Network Monitoring
We have designed a custom monitoring system that watches over our network 24/7 to ensure that things run smoothly and that any problems are promptly attended to. It consists of several components that work together as follows:
- A special dedicated server on our network performs the following checks at least once every 5 minutes, and sends a text message to at least two administrators via pager, cell phone, or PDA if anything is wrong:
- Our connections to the outside world are tested by attempting to contact various external networks around the world.
- All servers, routers, switches, and other networked devices are "pinged" to see if they are on-line.
- All servers are checked to see if their CPU load has risen above a certain acceptable level (which is hand-tuned for each server).
- All disk drives in all servers are checked to see if they are close to being full.
- File servers perform various tests to ensure that disk drives and RAIDs have not failed.
- All services on all servers are checked to see if they are running. That is, the monitoring system will connect to the SMTP, POP, NNTP, HTTP, SQL, DNS, and other server processes to make sure they are working.
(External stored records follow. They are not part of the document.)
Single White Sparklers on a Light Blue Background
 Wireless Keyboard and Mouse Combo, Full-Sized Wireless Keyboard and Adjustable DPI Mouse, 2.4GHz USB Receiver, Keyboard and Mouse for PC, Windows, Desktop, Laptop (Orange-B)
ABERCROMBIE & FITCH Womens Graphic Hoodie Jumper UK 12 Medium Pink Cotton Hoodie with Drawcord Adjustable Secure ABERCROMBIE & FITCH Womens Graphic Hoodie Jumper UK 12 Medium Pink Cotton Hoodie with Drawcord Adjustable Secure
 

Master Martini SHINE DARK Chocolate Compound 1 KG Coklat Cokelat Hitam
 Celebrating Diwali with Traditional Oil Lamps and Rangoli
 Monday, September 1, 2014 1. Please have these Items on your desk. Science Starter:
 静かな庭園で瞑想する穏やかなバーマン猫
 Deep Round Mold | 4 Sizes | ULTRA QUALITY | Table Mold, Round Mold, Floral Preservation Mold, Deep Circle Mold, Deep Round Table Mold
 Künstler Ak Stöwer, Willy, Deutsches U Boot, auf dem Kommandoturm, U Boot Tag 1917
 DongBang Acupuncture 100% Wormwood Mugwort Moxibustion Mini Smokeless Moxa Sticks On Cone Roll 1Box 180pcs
- Modem lines are checked to see if they are approaching the maximum capacity of dialup users.
- Multiple temperature sensors in the machine room are read to guard against climate control failure.
- "All's well" messages are sent to the administrators at certain times of the day to ensure that the monitoring system is working.
- Our connections to the outside world are tested by attempting to contact various external networks around the world.
- An on-site backup server checks the server above every 5 minutes to make sure it's still operating properly and that any text messages are actually being sent. This server is able to send text message via its own hardware and telephone line.
- Off-site servers located right in the homes of the administrators perform a subset of these tests from outside our network, also sending text messages if any of them fail.
- Every time a server is rebooted for any reason, a text message is sent to the administrators. Should a machine ever restart on its own due to a crash, we'll know about it immediately.
- Individual servers perform self checks every 5 minutes to ensure that any required services are still running, and restart them if they have stopped. They also test the temperature of their CPUs, the speed of their fans, etc.